規模拡大のためには人が必要。健全な営農のためには省力化・省人化が重要。その課題の解決策の1つが「ジフィーセブンC」
取材にご協力いただいたのは、栃木県でイチゴ栽培を行う小林寛(こばやしひろし)さん。

小林寛さん
5年ほど前からお父様のイチゴ農園を手伝いながら栽培法や農園経営を学び、2年前に農園を継承して小林さんが代表となり栽培と経営を進めるようになりました。現在の圃場の広さは62a。ハウス22棟でイチゴ(とちあいか)を栽培されています。
小林さんは、大学院で航空システムの研究を手がけ、修了後はエンジニアとして自動車メーカーに勤めていました。最新技術に触れ、また自身も技術の進歩を牽引する立場だったこともあり、イチゴ栽培にも積極的にITやAIなど最新の技術、そして資材を採り入れ、効果検証をしています。
「父のようなベテランは、昔ながらの経験と勘で栽培を成功に導ける。
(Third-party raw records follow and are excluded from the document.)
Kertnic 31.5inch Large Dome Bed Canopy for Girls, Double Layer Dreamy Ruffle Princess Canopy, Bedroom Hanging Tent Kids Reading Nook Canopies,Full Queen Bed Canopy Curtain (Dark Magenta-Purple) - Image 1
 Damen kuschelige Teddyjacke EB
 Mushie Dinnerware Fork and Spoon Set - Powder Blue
私は父や先輩農家に数年間教えてもらっただけで、とても栽培の全てはわかりません。だから最新の技術や資材の力が必要なのです。『まずはどんな物でも試そう』と農業機械や資材のプロであるメーカーさんや代理店さんにアドバイスを求め、勧められた物はすべて使っています」
という小林さん。「ジフィーセブンC」も懇意にしている種苗店に紹介され、2024年に小規模の利用をスタートしました。小林さんは「従来の家族経営や属人的な営農では、拡大できる規模に限界がある。より省力化・効率化できる仕組みや資材を採用しなければ、理想として掲げている規模の営農は難しい」と考えていました。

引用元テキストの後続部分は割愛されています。